218.13
B18/9.2.13
Ms autogr. 4 p. (21 x 13)
À ses parents
Rome 20 février 1866
Chers parents,
Je suis bien en retard à vous écrire; c'est que j'attendais de jour en jour votre lettre pour vous répondre.
Nous avons eu quelques jours de vacances et dans un mois nous en aurons d'autres. Mais ici les vacances ne sont pas complètement inactives, elles sont trop fréquentes pour cela. Seulement les cours sont suspendus et la promenade est tous les jours de trois heures. C'est aussi une occasion pour les élèves de faire une excursion à la campagne. J'ai passé deux jours en course avec un condisciple. Nous avons suivi la voie Appienne bordée de ruines d'antiques tombeaux et de villas romaines jusqu'à Albano, puis nous avons gravi le mont Albain, qui domine l'emplacement d'Albe et deux lacs ravissants et d'où l'on a une vue superbe sur Rome, et sa campagne sillonnée d'aqueducs en ruines, et la mer. De là nous sommes descendus à Velletri pour faire visite à quelques officiers des Zouaves pontificaux, qui ont eu la gracieuseté de nous inviter à dîner. Rien n'est touchant comme de voir ces jeunes gens des meilleures familles de France sacrifier leurs plus belles années par dévouement pour le Saint-Père, et mener dans les camps une vie religieuse et sage qu'on ne trouve dans aucune armée du monde. Le mardi-gras, notre économe nous a conduits dans une villa des environs où nous avons passé très gaiement la journée, et le soir nous assistions à la clôture du carnaval à Rome. Il est curieux de voir ce peuple s'amuser à ses heures avec entrain et gaieté mais innocemment. Après l'assaut ordinaire de bouquets et de dragées, qui était plus animé le mardi que les jours précédents et où l'on remarque le char élégant des élèves de l'Académie de France, on se livre, au coucher du soleil, à un jeu d'un effet indescriptible. Il consiste à tenir chacun une petite torche que l'on cherche à s'éteindre réciproquement. Le Corso est ainsi illuminé de la façon la plus complète à tous les étages, à toutes les fenêtres, sur les trottoirs et dans les voitures, tout le monde y prend part, même la famille royale de Naples; les anglais y sont bien représentés. C'est la fin du carnaval.
Le lendemain, avec le même zèle, chacun va recevoir les cendres et tous les jours de carême quelque église désignée comme station avec indulgence devient le but général des promeneurs.

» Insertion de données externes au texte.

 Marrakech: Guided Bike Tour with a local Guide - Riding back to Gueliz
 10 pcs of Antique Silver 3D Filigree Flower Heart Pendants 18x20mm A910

Nous sommes maintenant remis au travail, mais j'espère faire encore à Pâques une petite excursion. Mes engelures sont guéries.
Je n'ai reçu depuis que je vous ai écrit qu'une lettre, c'est d'Édouard Foucamprez. J'ai pour condisciple un de ses anciens professeurs. Je lui répondrai bientôt. Nous avons eu ici pendant un mois le directeur du collège Stanislas, je lui parlais quelquefois de Paul Borgnon et il m'en a fait l'éloge1.
J'espère avoir vers le 15 mars la visite du cousin Palant s'il vient avec la caravane, et pour les fêtes de Pâques je compte voir quelques connaissances2.
Continuez à me donner des détails sur toute la famille. Vos lettres sont assez rares, qu'elles soient longues, c'est pour moi une grande jouissance.
J'ai fait visite récemment et reçu bon accueil chez le prince Borghèse, Mgr de Mérode et Mgr Place3.
Je vous embrasse mille fois et vous prie d'embrasser pour moi toute la famille, surtout Henri et Laure et de faire mes compliments aux personnes qui s'intéressent à moi.
Votre dévoué fils
L. Dehon
1 Cet Édouard Foucamprez ne peut être l'oncle Foucamprez lui-même (cf. LD 34, note 1), dont le jeune prêtre du Nord, M. Cognard, n'a évidemment pu être professeur au collège de Marcq. De l'oncle Foucamprez, la généalogie ne signale qu'une fille Marie-Erminie-Clémence. Peut-être s'agit-il de quelque neveu du côté Foucamprez. Paul Borgnon, fils de Mme Borgnon (LD 21, LD 33).
2 Le cousin Palant, sans doute l'abbé Palant dont le voyage à Rome est évoqué en LD 37.
3 Mgr de Mérode (cf. LD 31, note 5, et LD 32, 33, 37). Mgr Place (cf. LD 39). Le prince Borghèse (Marcantonio V, 1814-1886), de l'illustre famille romaine et princière dont l'un des membres, Camillo, avait épousé en 1803 Pauline, sœur de Napoléon. Auprès du prince Borghèse, Léon Dehon avait été introduit, lors de son passage à Rome en juin 1864, sur recommandation de Mgr Dupanloup (NHV IV, 97).